A seconda dei toni con cui questa trasformazione veniva immaginata, la «civiltà delle macchine», per citare un’espressione che non a caso diede il titolo a una raffinata pubblicazione fondata nel 1953 da Finmeccanica, assumeva ora il volto luminoso di un affrancamento definitivo dalla miseria e (specie per le donne) dalla fatica delle mansioni più degradanti del lavoro domestico, ora quello apocalittico di una quotidianità ipermoderna, atomizzata, comoda ma svuotata delle certezze della tradizione. In quest’ultima rappresentazione, evidentemente, non mancavano elementi di conservatorismo rispetto a una trasformazione dei ruoli di genere, in famiglia e nella società, di cui si temeva l’intensità: gli elettrodomestici, e prima fra tutti la lavatrice, avrebbero potuto liberare ingenti quantità di tempo nella routine quotidiana delle donne e l’interrogativo sulla destinazione di questo tempo fu sulle prime stringente.

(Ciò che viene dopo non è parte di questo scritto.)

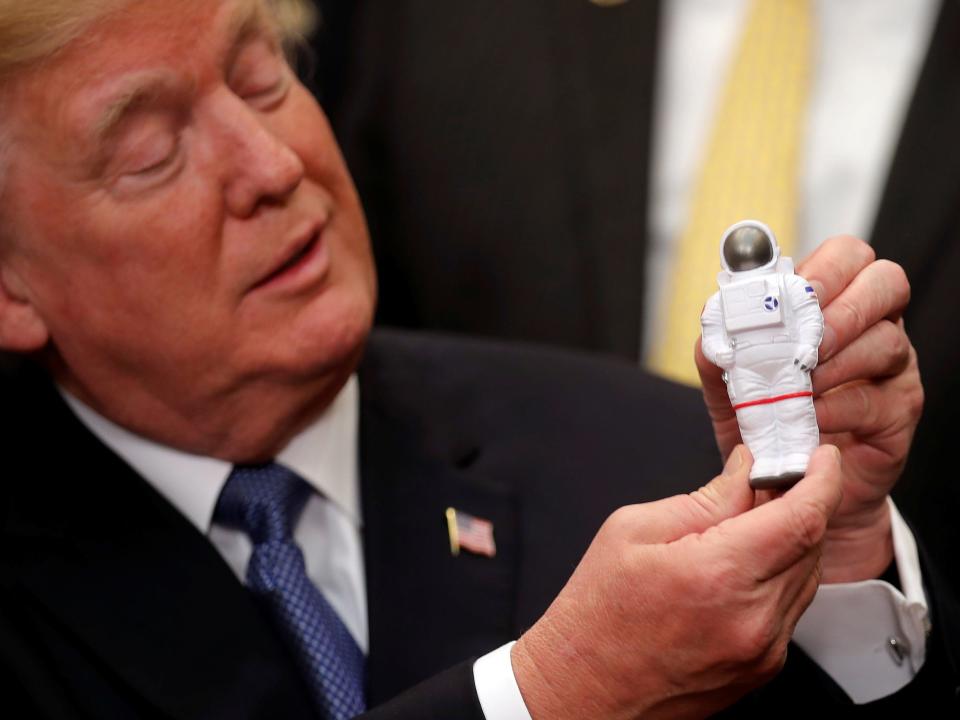 donald trump holds up a small astronaut figurine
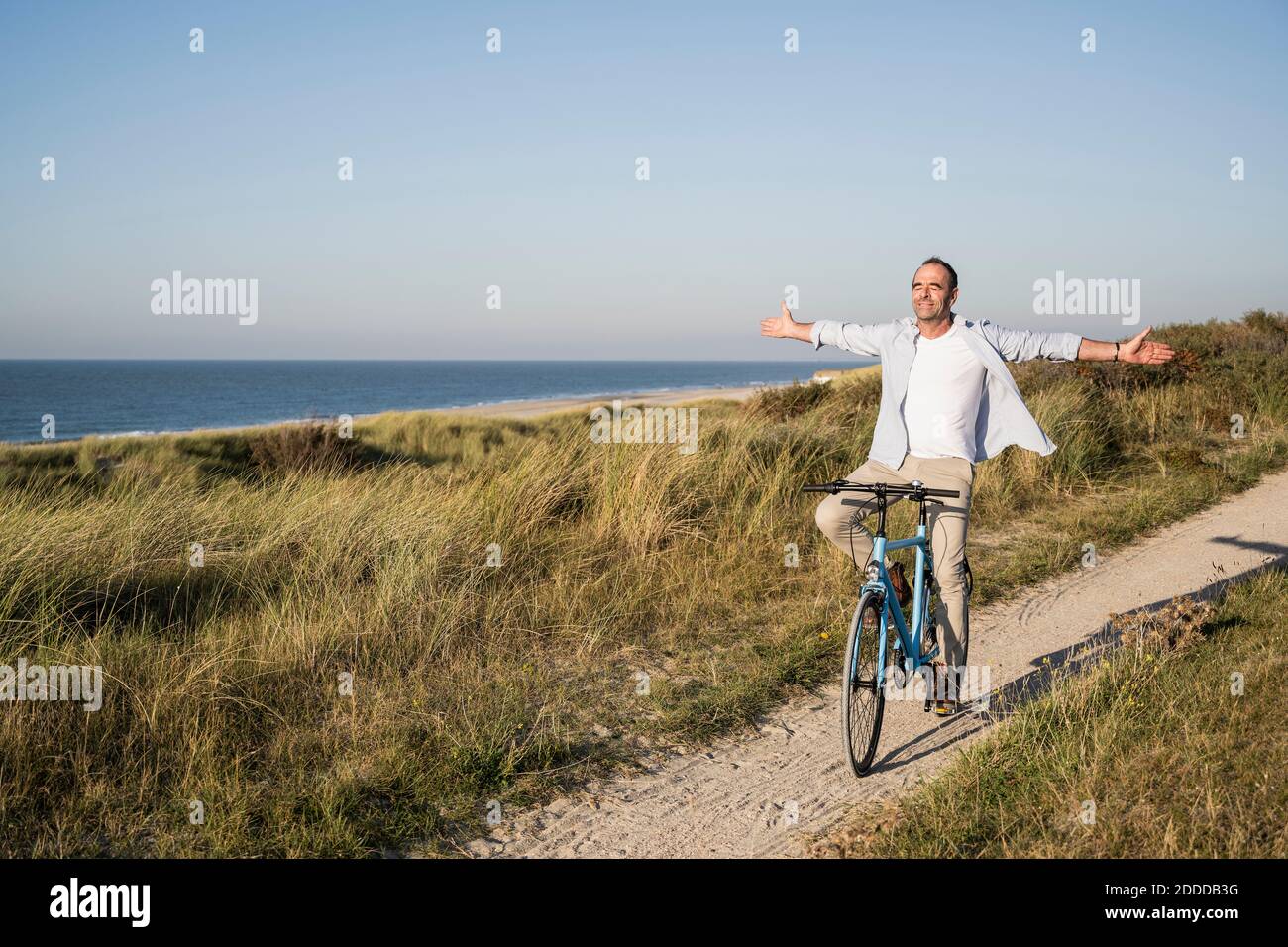 Uomo maturo spensierato con le braccia aperte che chiudono gli occhi durante la guida bicicletta in spiaggia Foto Stock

Oggi conosciamo l’esito di questo processo e possiamo con certezza affermare che, al netto di un miglioramento straordinario delle condizioni di vita (che, tuttavia, paghiamo in termini di impatto ambientale), la modernizzazione domestica non ha prodotto una liberazione delle donne italiane dalle incombenze del cosiddetto lavoro familiare, del quale restano tutt’oggi le principali responsabili. Possiamo altresì constatare come l’affermazione della lavatrice si sia saldata con una cultura del consumo che ha saputo rispondere con efficacia all’aspirazione alla privacy e all’intimità domestica, tanto profondamente radicata e socialmente trasversale nell’Italia del secondo Novecento, quanto ancora una volta ambivalente in termini di genere. Non a caso, negli anni Sessanta, le campagne pubblicitarie della lavatrice e della lavastoviglie Candy esaltano una moderna casalinga che, liberata dal peso delle faccende, può finalmente dedicarsi a una maternità premurosa e totalizzante.